Now that you have learned how to write single-variable equations, our next step is to learn how to solve them.

**What does it mean to solve a single-variable equation?**

To solve a single-variable equation means that you are going to figure out the value of the variable or the unknown number.

**We can do this in a couple of ways.**

The first way is to use mental math. Let’s look at the equation that we just wrote.

\begin{align*}5+x=10\end{align*}

Using mental math you can ask yourself, “Five plus what number is equal to 10?”

**The answer is 5.**

**You can check your answer too.** To do this, simply substitute the value for \begin{align*}x\end{align*} into the equation and see if it forms a true statement.

\begin{align*}5+5&=10\\ 10 &= 10\end{align*}

**This is a true statement. Our answer is correct.**

**Sometimes, it may seem difficult to figure out the value of the variable using mental math. What do we do then?** Let’s look at the next way to solve single-variable equations.

\begin{align*}x+27=43\end{align*}

**The second way of solving a single-variable equation involves “using the inverse operation.”**

**That is an excellent question! An** *inverse operation***is the opposite of the given operation.** In the example above, the given operation is addition, so we can use the opposite of addition (subtraction) to solve the problem.

**How do we do this?**

\begin{align*}x+27=43\end{align*}

Since 27 is being added, we can subtract 27 from both sides of the equation. That will help us get the variable on one side of the equation. We need to get the variable by itself to figure out what the value of it is. Let’s subtract 27 from both sides and see what we end up with as an answer.

\begin{align*}&x+27 \ = \ 43\\ & \underline{ \;\;\; -27 \quad -27}\\ & \ x+0 \ = \ 16\\ & \qquad x \ = \ 16\end{align*}

**Where did the 0 come from?**

Well, if you look at the inverse, +27 – 27 is equal to 0. Once we have a \begin{align*}O\end{align*} next to variable, we have succeeded in getting the variable alone. Then all we have on the left side of the equal sign is the variable. On the right side of the equals, we subtract 27 and we end up with an answer of 16.

**Is this true?** We can check our work by substituting the value for \begin{align*}x\end{align*} back into the original equation. If it is true, then one side of the equation will equal the other side.
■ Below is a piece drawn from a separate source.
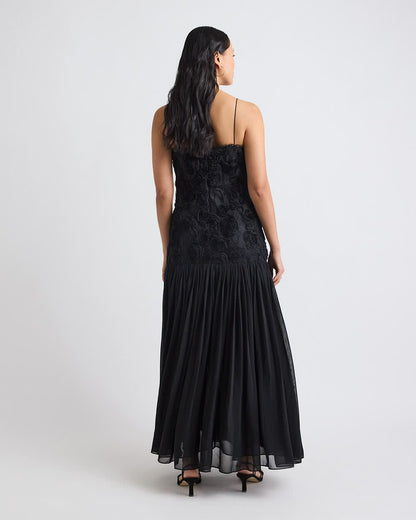 Vista traseira do Vestido Ágata preto, com alças finas, zíper invisível e saia plissada longa.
\begin{align*}16+27&=43\\ 43&=43\end{align*}

**Our answer is correct.**

\begin{align*}45+x=67\end{align*}

**This one may seem a little trickier because the \begin{align*}x\end{align*} is in the middle of the equation and not at the start of it. We can still use an inverse to sort it out.**

Our goal is to get the \begin{align*}x\end{align*} alone. To do this, we need to do something with the 45. Notice that it is a positive 45. We can use the inverse of a positive 45 which is a negative 45 and subtract 45 from both sides of the equation.

\begin{align*}&\ \ 45 \ + \ x = \ 67\\ & \underline{-45 \qquad \quad -45}\\ & \qquad \quad \ x \ = \ 22\end{align*}

**Notice here again that 45 – 45 is equal to 0. On the left side of the equals we succeeded in getting the variable by itself. On right side, we subtracted 45 and got an answer of 22.**

**Is this true?** We can figure out if this is true by substituting our answer for \begin{align*}x\end{align*} into the original equation. If it is true, then one side of the equation will equal the other side of the equation.
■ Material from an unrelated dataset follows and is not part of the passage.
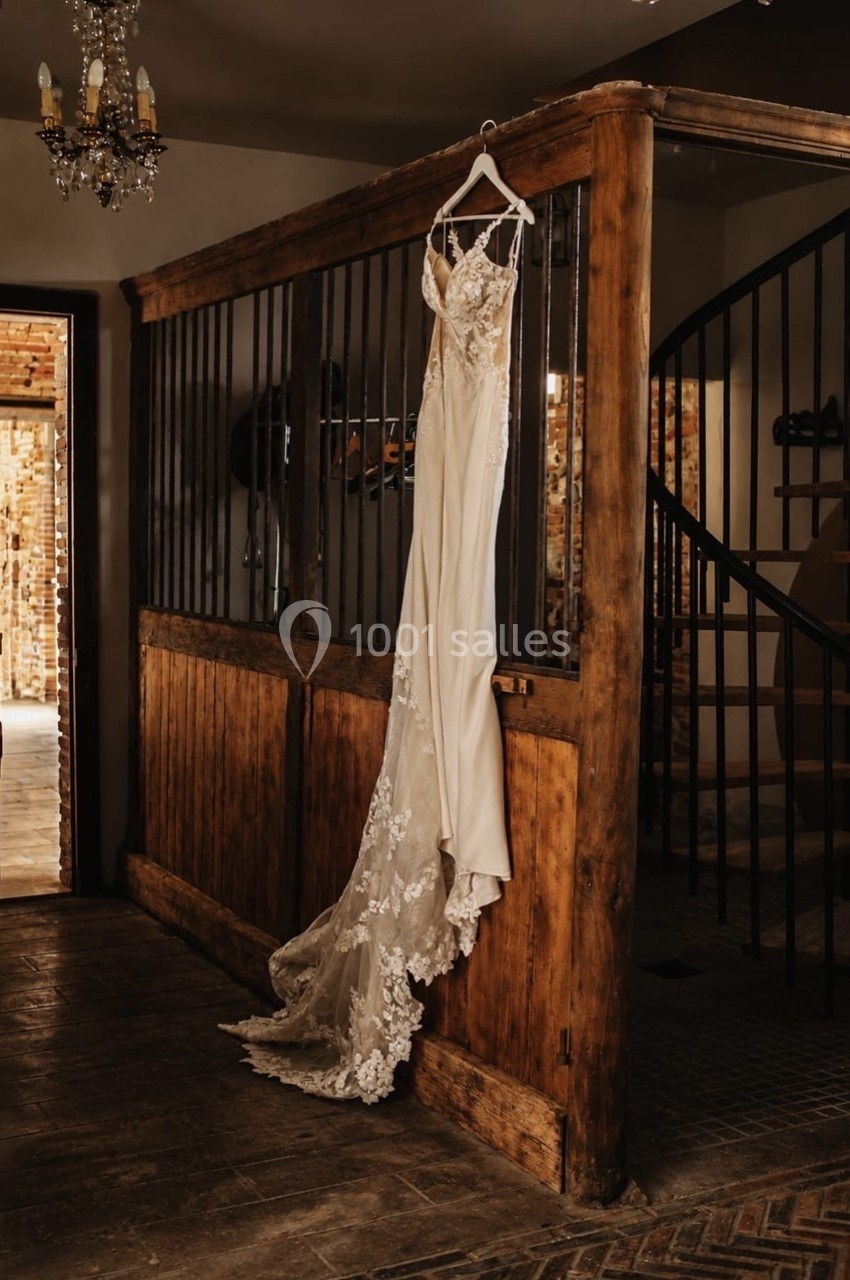 Robe de mariée en dentelle suspendue à une porte en bois dans un intérieur rustique avec escalier en colimaçon.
\begin{align*}45+22&=67\\ 67&=67\end{align*}

**Our answer checks out.**

Practice a few of these on your own. Solve each equation then check your answer. Write your answers in the form variable = _____.

#### Example A

\begin{align*}x+16=22\end{align*}

**Solution: \begin{align*}x = 6\end{align*}**

#### Example B

\begin{align*}y+15=30\end{align*}

**Solution: \begin{align*}y = 15\end{align*}**

#### Example C

\begin{align*}12+x=18\end{align*}

**Solution: \begin{align*}x = 6\end{align*}**

Remember Carl and the bus dilemma?

Carl wishes to do all of this research before calling bus companies so that he can have an idea how much the class can afford to pay for a bus.

**First, Carl needs to solve the equation for the unknown quantity \begin{align*}x\end{align*}.**

\begin{align*}\$14.50+x=\$20.00\end{align*}

We use the inverse of addition and subtract $14.50 from both sides of the equation.

\begin{align*}& \quad \$14.50 + \ x = \ \$20.00\\ &\ \underline{-\$14.50 \qquad \ -\$14.50}\\ & \qquad \quad \ 0 + \ x \ = \ \$5.50\\ & \qquad \qquad \quad \ x \ = \ \$5.50\end{align*}

**Each person can pay $5.50 for the bus.**

### Vocabulary

Here are the vocabulary words in this Concept.

- Expression
- a combination of variables, numbers and operations without an equal sign.

- Simplify
- to make smaller

- Inverse
- the opposite. An inverse operation is the opposite operation.

- Sum
- the answer to an addition problem

- Difference
- the answer to a subtraction problem

### Guided Practice

Here is one for you to try on your own.

Solve this equation.

\begin{align*}x + 15 = 32\end{align*}

**Answer**

We can use mental math to solve this problem.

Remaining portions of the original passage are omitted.